When seeking a divorce, there is no fixed process that will fit all cases. Parties to a divorce have to check their priorities and the circumstances surrounding their case before deciding how to proceed with the dissolution of the marriage. One thing to note is that parties do not always have to bring the dispute to court. One option is divorce mediation.
What happens during mediation?
Divorce mediation is a process aiming to assist parties in reaching an agreement on several aspects of the marriage with the help of an impartial professional called a mediator. Discussions could range between property and asset division, child custody and support and other topics related to the union.
Before discussions start, the mediator will set ground rules to allow both parties to discuss options and preferences. The mediator can also provide suggestions to help resolve some issues for the former spouses. While it is not mandatory, parties may also have their attorneys present during the process.

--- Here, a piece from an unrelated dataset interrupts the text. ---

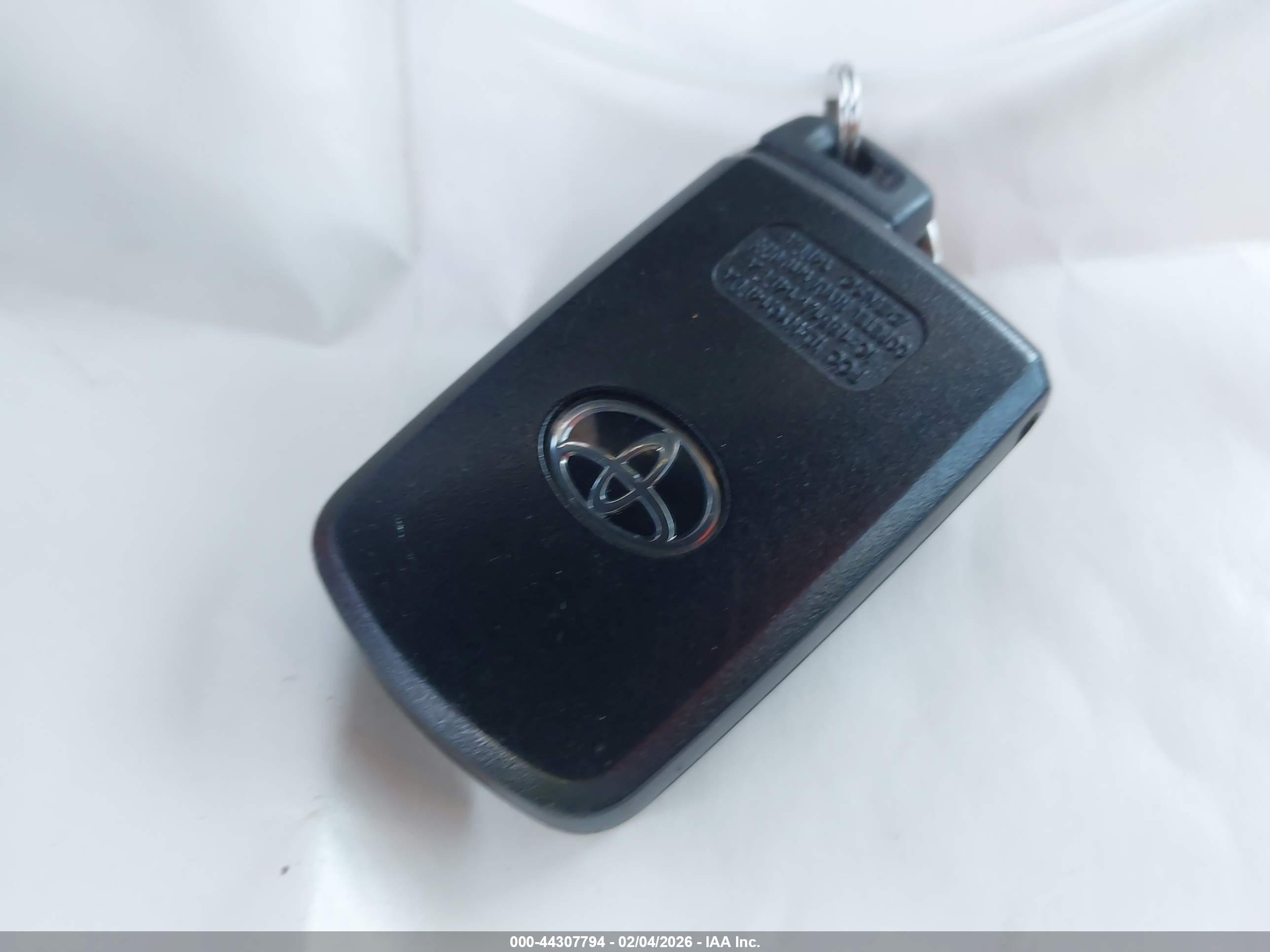 TOYOTA CAMRY image 11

The goal of the mediation is to reach an agreeable settlement between the two parties. Once the parties agree, the settlement details will be sent to the family court, making it a binding agreement. While the court still intervenes, mediation can make the process smoother and faster.
Benefits of this option
For some people, reaching an agreement on their own may lead to better results than going through litigation. Some of the benefits of divorce mediation are:
- Costs less compared to litigation divorce
- Parties’ ability to decide on the schedules and terms
- Discussions are private and confidential
Whether mediation is the best course of action for spouses depends on the circumstances surrounding their situation. If parties to a divorce prefer having control over the process, they can look more into mediation.